#### YOUR ASSIGNMENT
Please copy the lines below, exactly as they are, from the one with "Chic Petite Candle Holder" through the one with "Used 2021 Hyundai Kona SEL AWD/4WD image 17", and leave out the pictures.

#### RECORDS TO PROCESS
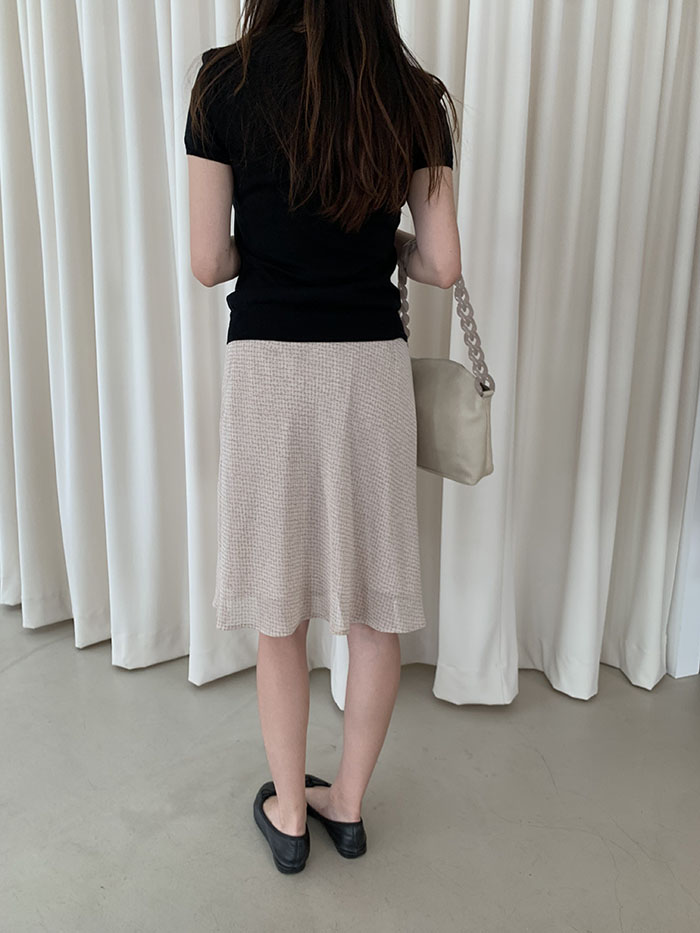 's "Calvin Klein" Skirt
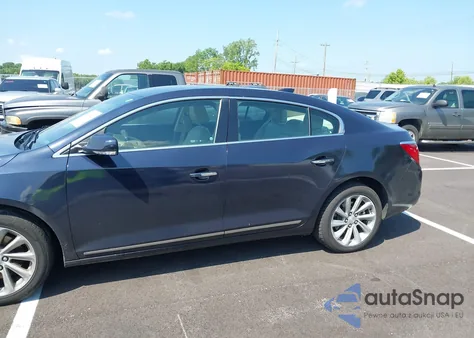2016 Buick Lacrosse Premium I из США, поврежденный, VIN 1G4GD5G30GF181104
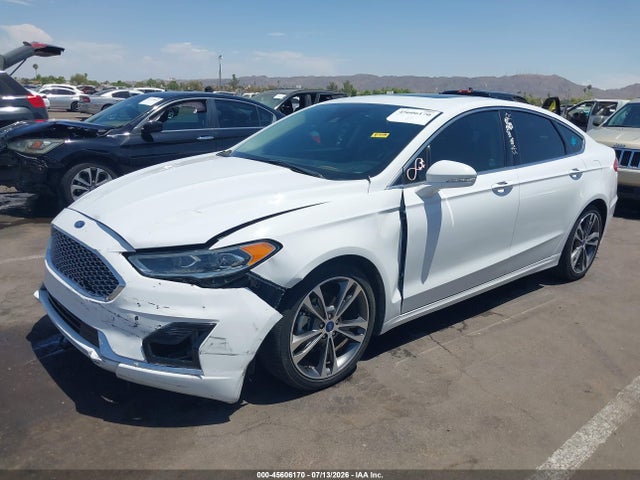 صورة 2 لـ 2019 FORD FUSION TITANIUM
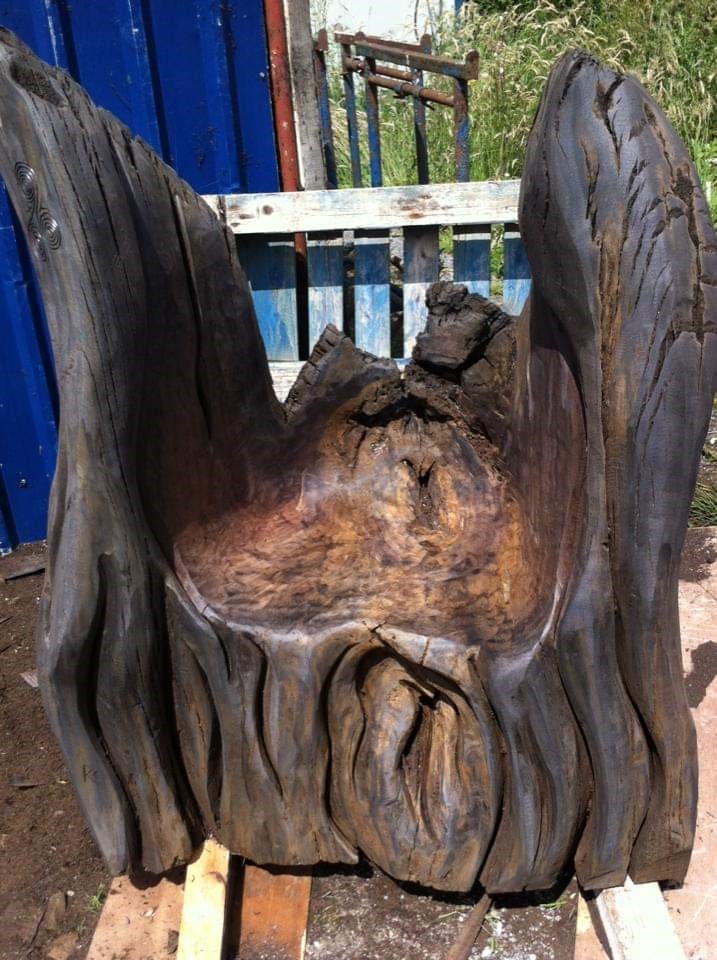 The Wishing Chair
==
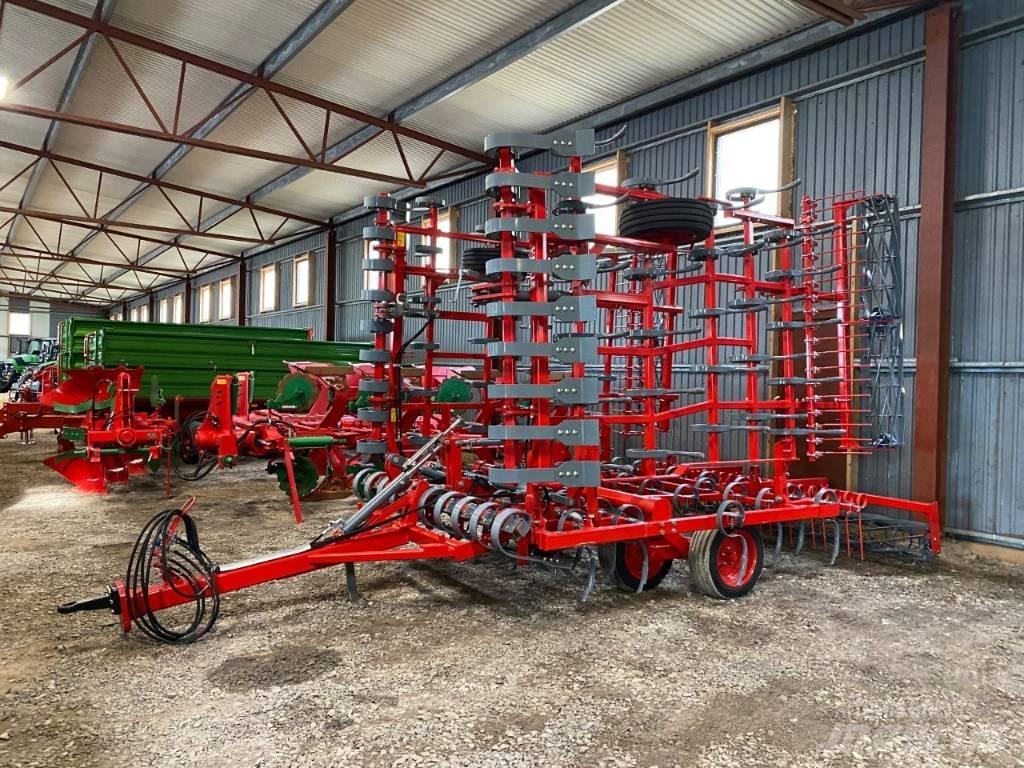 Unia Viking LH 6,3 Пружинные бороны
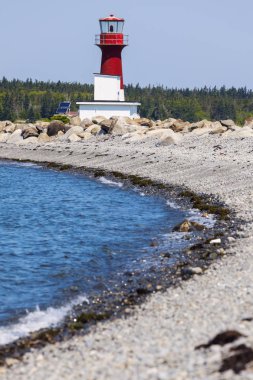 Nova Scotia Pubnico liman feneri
==
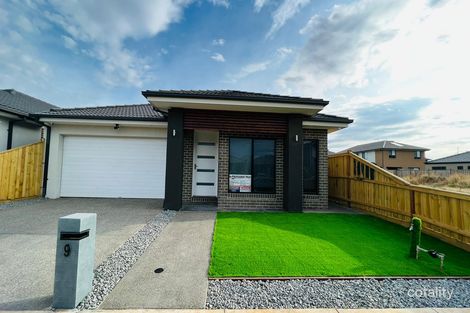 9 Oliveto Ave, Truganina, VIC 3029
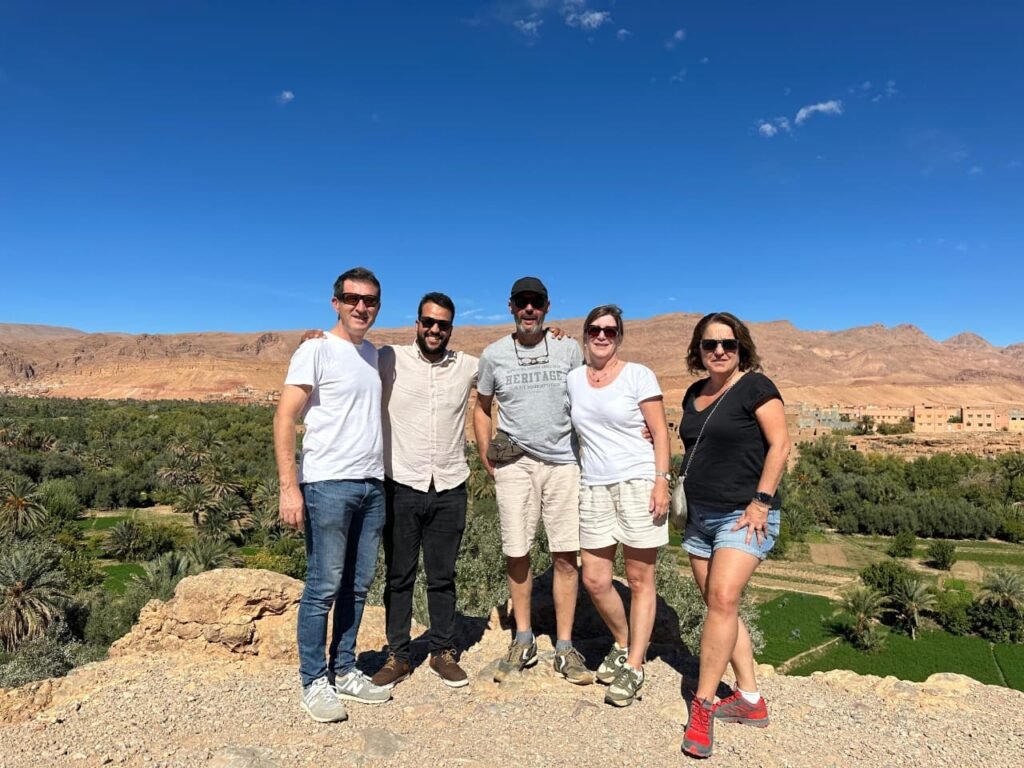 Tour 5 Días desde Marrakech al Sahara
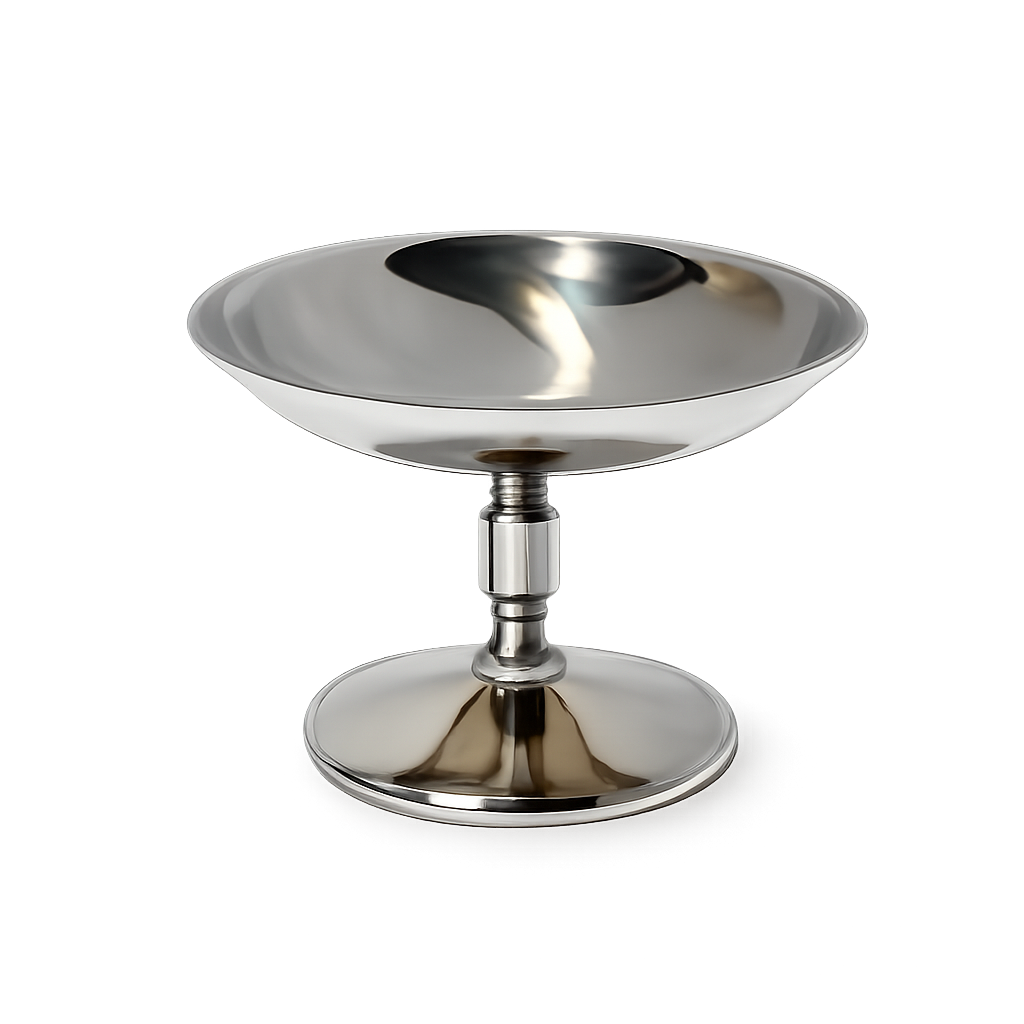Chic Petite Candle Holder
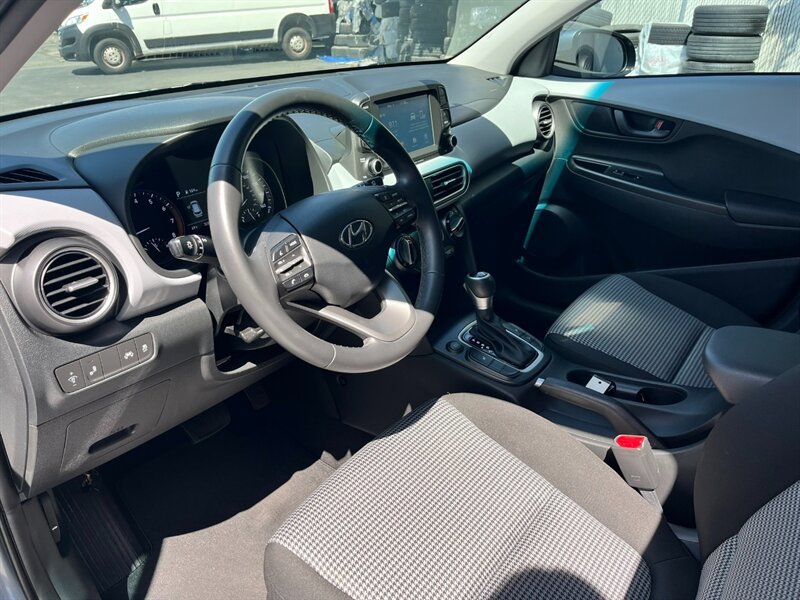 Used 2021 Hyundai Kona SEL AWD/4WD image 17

#### EXERCISE RESULT
Chic Petite Candle Holder
 Used 2021 Hyundai Kona SEL AWD/4WD image 17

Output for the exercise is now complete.